US Secretary of State Marco Rubio said on Sunday that talks with a Ukrainian delegation on the plan to end Russia’s war were “productive” but “complicated” as President Donald Trump's special envoy, Steve Witkoff, prepares to travel to Moscow.
Rubio met with Rustem Umerov, head of Ukraine’s National Security and Defence Council, in Florida to discuss “reliable security guarantees” and a pathway for a sovereign, more prosperous Ukraine.
The meeting also included Witkoff and Trump’s son-in-law, Jared Kushner.
“This is delicate. It’s complicated,” Rubio told reporters, saying there was “more work to be done” and “a lot of moving parts,” including Russia as “another party involved … that will have to be a part of the equation.”
The talks followed a meeting in Geneva a week earlier, where Rubio and Ukrainian officials revised Trump’s original 28-point peace proposal, initially criticized as a Russian wish list.

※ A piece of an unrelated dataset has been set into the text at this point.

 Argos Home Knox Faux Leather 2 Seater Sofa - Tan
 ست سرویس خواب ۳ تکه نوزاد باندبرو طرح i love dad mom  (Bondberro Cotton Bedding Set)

That draft envisaged Ukraine ceding the entire Donbas region, limiting its armed forces and abandoning its NATO ambitions.
The United States cut the plan to 19 points after criticism from Kyiv and Europe, though the latest version has not been made public.
Umerov said on X that Ukraine was focused on safeguarding its interests and securing “real peace” and long-term security guarantees, later calling the Florida talks “productive.”
Witkoff is due to travel to Moscow for talks on Tuesday with Russian officials including President Vladimir Putin.
Putin has said the unpublished US draft could be a “basis for future agreements” and that his talks with Witkoff should focus on occupied Donbas and Crimea.
The negotiations come as Ukrainian President Volodymyr Zelensky grapples with a corruption scandal that forced the resignation of his chief of staff, Andriy Yermak.
Trump, referring to the corruption probe, said Ukraine had “some difficult little problems” but added there was “a good chance we can make a deal.”
Zelensky wrote on X that the United States was showing a “constructive approach” and said steps to achieve a “dignified” end to the war could be fleshed out in the coming days.
He also spoke with NATO chief Mark Rutte and is due in Paris on Monday for talks with French President Emmanuel Macron.
On the ground, Russian forces claimed further advances and launched repeated attacks on Kyiv. A drone strike on the capital’s outskirts on Sunday killed one person and wounded 11, officials said.
Overnight attacks on Saturday killed six, wounded dozens and cut power to 400,000 households in Kyiv.
A Ukrainian security source said Kyiv was behind strikes on two oil tankers in the Black Sea it believed were carrying sanctioned Russian oil.
One of Russia’s largest oil terminals halted operations on Saturday after a drone attack, which the Caspian Pipeline Consortium—whose owners include US oil majors Chevron and ExxonMobil—called a “terrorist attack.”
Ukraine, which did not comment on the terminal incident, regularly targets Russian energy infrastructure in an effort to weaken Moscow’s war effort.